Why/how does the lifetime of Conn get set to 'static in impl<'a> From<Vec<u8>> for Conn<'a> impl? How does that work?

  1. If c is a Conn<'a> , then c.clone() is another Conn<'a> , since Clone::clone() always produces the exact same type . In contrast, c.to_vec().into() can produce a Conn with any lifetime whatsoever, since the From<Vec<u8>> impl has an unbounded lifetime 'a .

I see so the lifetime gets clone as well.

  1. c does not live as long as static, but c.to_vec() is an owned Vec<u8> that is independent from the lifetime of c . Note that to_vec() creates a new and independent copy of the original slice.

Makes sense. And Rust is able to tell that the variant used here is Conn::Vec which owns its data and not the other variant which holds a reference which would need a reference with 'static lifetime, right?

This is known as lifetime substitution. When you write c.to_vec().into(), the compiler starts searching for a method fn into(self) -> Conn<'static> defined on Vec<u8>. (It infers the required return type from the surrounding context.) It sees that the only possible into() method is Into::into(), which is available if and only if Conn<'static> implements From<Vec<u8>>.

At this point, it finds your own impl<'a> From<Vec<u8>> for Conn<'a>. Since the impl has an 'a lifetime with no additional restrictions, it sees that Conn<'a> implements From<Vec<u8>> for every possible lifetime 'a in existence. Since this includes the 'static lifetime, the resolution succeeds: Conn<'static> implements From<Vec<u8>>, so Vec<u8> implements Into<Conn<'static>>, so a matching into() method exists.
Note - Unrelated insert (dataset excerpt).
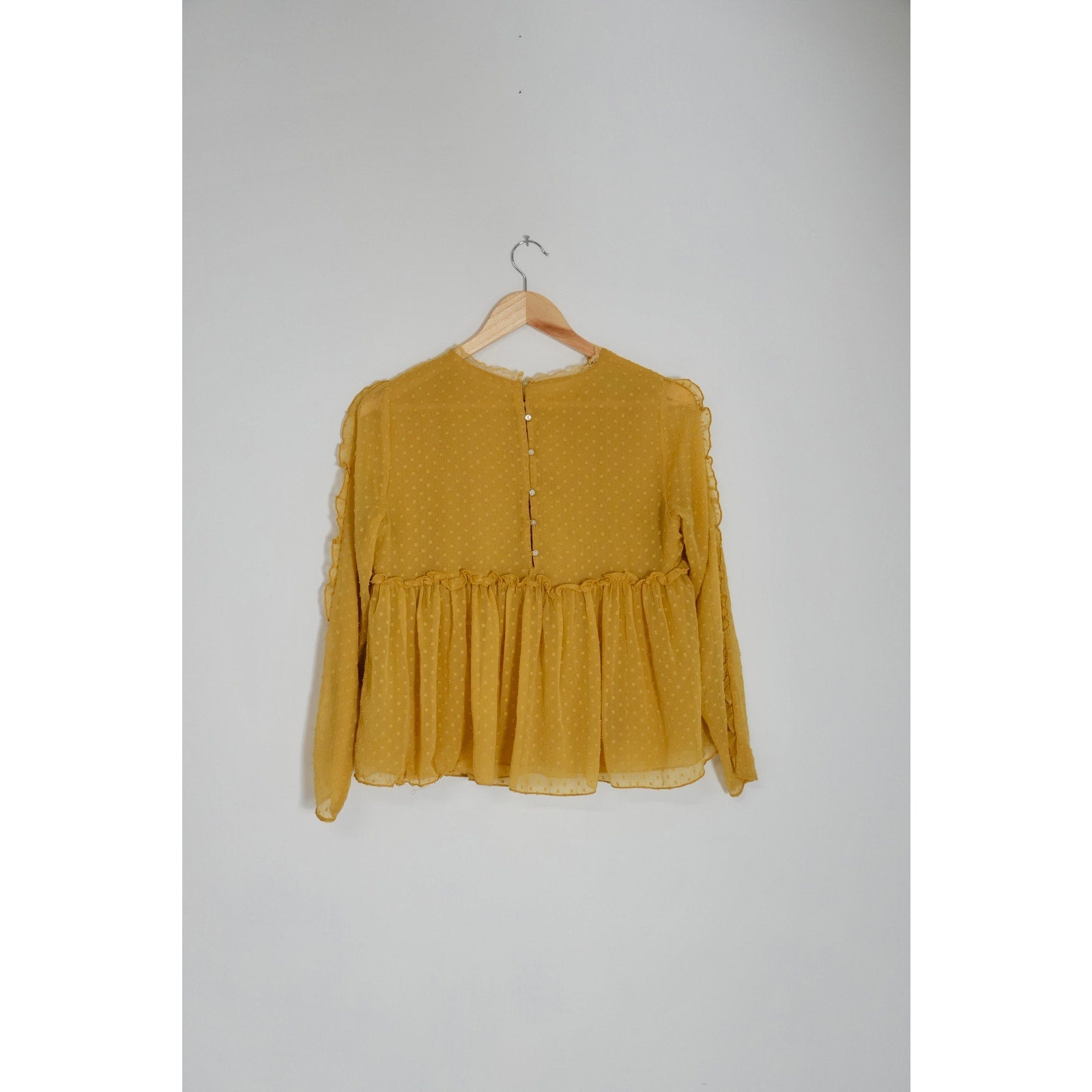 Zara Trafaluc Collection Mustard Yellow Embroidered Long Sleeve Blouse Size Medium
No, the compiler does not try to determine this. Instead, it sees that Conn has no inherent method named to_vec(). But it does have a Deref impl, so it applies an "autoderef" transformation, effectively turning it into c.deref().to_vec().into(). First, deref() borrows &c and returns an &[u8] slice. But the lifetime of this slice is not the lifetime of the Conn; instead, it is the very short lifetime of the specific &c borrow. Then, to_vec() takes this short-lived &[u8] slice, and copies all of its bytes into an owned Vec<u8>. It performs this copy regardless of the variant of c, since at this point, the slice is only borrowed from c either way. Finally, into() takes the copied Vec<u8> and places it into Conn::Vec, due to your From<Vec<u8>> impl.

If you don't want to copy the bytes if c is a Conn::Vec, then consider adding an into_vec() method that matches over it:

impl<'a> Conn<'a> {
    fn into_vec(self) -> Vec<u8> {
        match self {
            Self::Vec(v) => v,
            Self::Ref(r) => r.into_vec(),
        }
    }
}

Also, note that your Conn<'a> is equivalent to a Cow<'a, [u8]> from the standard library. You might consider simply defining Conn as a type alias for Cow, unless you're looking for additional type safety.

2 Likes

Thanks so much for the help!